Without addressing the question of whether the IRS is right or wrong on the construction of the regulation, we conclude that the proposed regulation (and the temporary and final regulations that were issued in unison with it), impose a new collection of information requirement and that the regulations will have a significant impact on a substantial number of small businesses.
Conclusions:
We believe that the IRS' intentions were good with regard to the clarification of this regulation but that the proposed regulation has unforeseen implications. During the hearing, the IRS maintained that the comments were out of proportion to what the IRS actually intended by the new interpretation. They surmised that a correction probably could have been accomplished with a phone call rather than filing comments and issuing statements. In response to that, one of the witnesses said that while this is true, the industry and others who are regulated feel that the phone call should have come from the IRS rather than the other way around. The nurseryman who testified read a highly technical but key portion of the regulation and expressed his concern that the language was incomprehensible to him: he felt he would never be able to fully understand what it meant without a lawyer.
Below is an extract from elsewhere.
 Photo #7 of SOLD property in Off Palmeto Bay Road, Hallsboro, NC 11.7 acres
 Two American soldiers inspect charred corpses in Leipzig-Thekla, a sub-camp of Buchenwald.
These examples capture the essence of taxpayer frustration with the IRS and agencies in general. They also embody the spirit of the Regulatory Flexibility Act and the Small Business Regulatory Enforcement Fairness Act. The regulating agency should involve the regulated earlier and should make s stronger effort to help them understand what it means. The RFA provides a good procedure for accomplishing that goal.
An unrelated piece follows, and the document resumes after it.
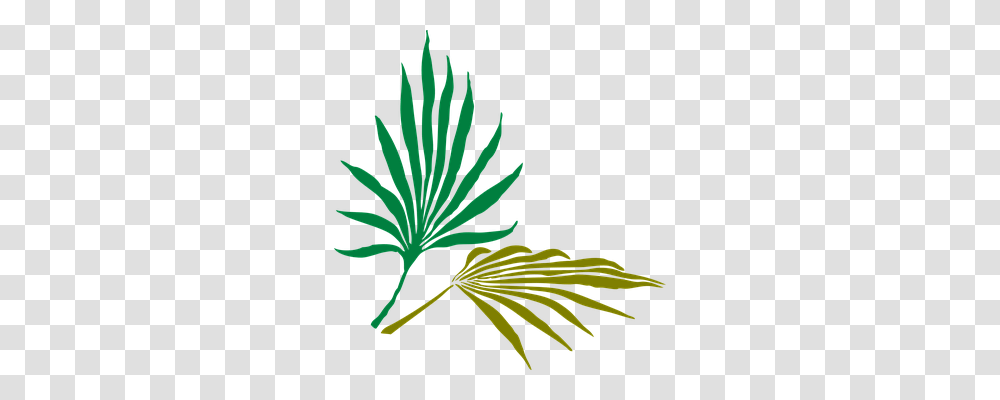 Palm Leaves Nature, Plant, Leaf, Flower Transparent Png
The Office of Advocacy also would like to point out that it might help the regulatory process if the RFA were not routinely circumscribed with boilerplate language but, instead was embraced by the IRS. It is obvious from regulatory drafting that a great many talented and thoughtful people put a great deal of time and effort into drafting regulations which small businesses need. It is also obvious in some cases, that a lot of research was done on these groups that were regulated before the new regulations were drafted. That being the case, this research needs to be shared with those who could add insight into the impact of the regulations. In the case at hand, an analysis probably would have shown that: a) there is a history of difficulties with this area, b) that the nursery industry and perhaps others do business in a way which makes bright line tests and consistent enforcement difficult, c) that a slight tightening in the way the rules are defined will cause prudent nursery owners to greatly increase the records they keep on individual plants; and finally, d) that at least one IRS field office has already canvassed the nursery industry to develop industry audit guidelines which would have been very useful in drafting regulations.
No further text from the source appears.